Short text fragments from websites
● ● ● ●

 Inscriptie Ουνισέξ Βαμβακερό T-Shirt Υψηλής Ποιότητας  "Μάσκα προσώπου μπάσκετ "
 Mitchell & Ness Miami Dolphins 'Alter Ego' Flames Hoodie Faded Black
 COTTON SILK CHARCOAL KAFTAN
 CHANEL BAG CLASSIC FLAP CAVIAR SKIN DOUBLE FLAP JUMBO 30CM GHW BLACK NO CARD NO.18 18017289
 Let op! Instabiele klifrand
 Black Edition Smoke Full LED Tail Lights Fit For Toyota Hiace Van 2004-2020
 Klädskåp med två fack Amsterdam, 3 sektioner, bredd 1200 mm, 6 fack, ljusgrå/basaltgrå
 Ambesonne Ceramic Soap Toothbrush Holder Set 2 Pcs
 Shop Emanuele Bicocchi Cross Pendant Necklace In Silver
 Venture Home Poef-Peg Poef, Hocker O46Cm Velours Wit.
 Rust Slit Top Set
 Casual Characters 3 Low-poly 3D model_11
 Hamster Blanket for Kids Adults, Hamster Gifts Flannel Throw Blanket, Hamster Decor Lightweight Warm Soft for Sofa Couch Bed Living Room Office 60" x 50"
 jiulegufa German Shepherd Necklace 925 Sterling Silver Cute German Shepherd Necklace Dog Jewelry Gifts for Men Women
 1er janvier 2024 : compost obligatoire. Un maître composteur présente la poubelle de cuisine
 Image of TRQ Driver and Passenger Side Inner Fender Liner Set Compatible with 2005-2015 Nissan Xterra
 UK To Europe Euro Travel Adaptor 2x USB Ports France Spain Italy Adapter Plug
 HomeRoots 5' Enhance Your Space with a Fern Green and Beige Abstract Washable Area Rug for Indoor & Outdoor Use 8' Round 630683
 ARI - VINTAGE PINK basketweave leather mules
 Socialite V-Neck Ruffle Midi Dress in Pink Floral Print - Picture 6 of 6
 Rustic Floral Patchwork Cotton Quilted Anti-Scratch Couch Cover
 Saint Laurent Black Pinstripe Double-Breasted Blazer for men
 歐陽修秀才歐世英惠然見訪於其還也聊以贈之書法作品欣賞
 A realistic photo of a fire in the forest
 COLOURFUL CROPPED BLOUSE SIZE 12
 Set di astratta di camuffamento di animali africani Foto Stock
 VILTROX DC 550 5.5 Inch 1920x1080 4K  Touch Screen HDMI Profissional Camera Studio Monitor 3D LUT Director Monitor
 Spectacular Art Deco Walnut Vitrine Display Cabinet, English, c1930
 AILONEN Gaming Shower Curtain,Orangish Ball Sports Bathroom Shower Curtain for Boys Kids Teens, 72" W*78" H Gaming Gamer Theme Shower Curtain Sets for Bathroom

● ● ● ●

PROBLEM DETAILS >>
Would you restate word for word every line from the one holding "Hamster Blanket for" to the end of the entries, both ends included?

YOUR SOLUTION >>
 Hamster Blanket for Kids Adults, Hamster Gifts Flannel Throw Blanket, Hamster Decor Lightweight Warm Soft for Sofa Couch Bed Living Room Office 60" x 50"
 jiulegufa German Shepherd Necklace 925 Sterling Silver Cute German Shepherd Necklace Dog Jewelry Gifts for Men Women
 1er janvier 2024 : compost obligatoire. Un maître composteur présente la poubelle de cuisine
 Image of TRQ Driver and Passenger Side Inner Fender Liner Set Compatible with 2005-2015 Nissan Xterra
 UK To Europe Euro Travel Adaptor 2x USB Ports France Spain Italy Adapter Plug
 HomeRoots 5' Enhance Your Space with a Fern Green and Beige Abstract Washable Area Rug for Indoor & Outdoor Use 8' Round 630683
 ARI - VINTAGE PINK basketweave leather mules
 Socialite V-Neck Ruffle Midi Dress in Pink Floral Print - Picture 6 of 6
 Rustic Floral Patchwork Cotton Quilted Anti-Scratch Couch Cover
 Saint Laurent Black Pinstripe Double-Breasted Blazer for men
 歐陽修秀才歐世英惠然見訪於其還也聊以贈之書法作品欣賞
 A realistic photo of a fire in the forest
 COLOURFUL CROPPED BLOUSE SIZE 12
 Set di astratta di camuffamento di animali africani Foto Stock
 VILTROX DC 550 5.5 Inch 1920x1080 4K  Touch Screen HDMI Profissional Camera Studio Monitor 3D LUT Director Monitor
 Spectacular Art Deco Walnut Vitrine Display Cabinet, English, c1930
 AILONEN Gaming Shower Curtain,Orangish Ball Sports Bathroom Shower Curtain for Boys Kids Teens, 72" W*78" H Gaming Gamer Theme Shower Curtain Sets for Bathroom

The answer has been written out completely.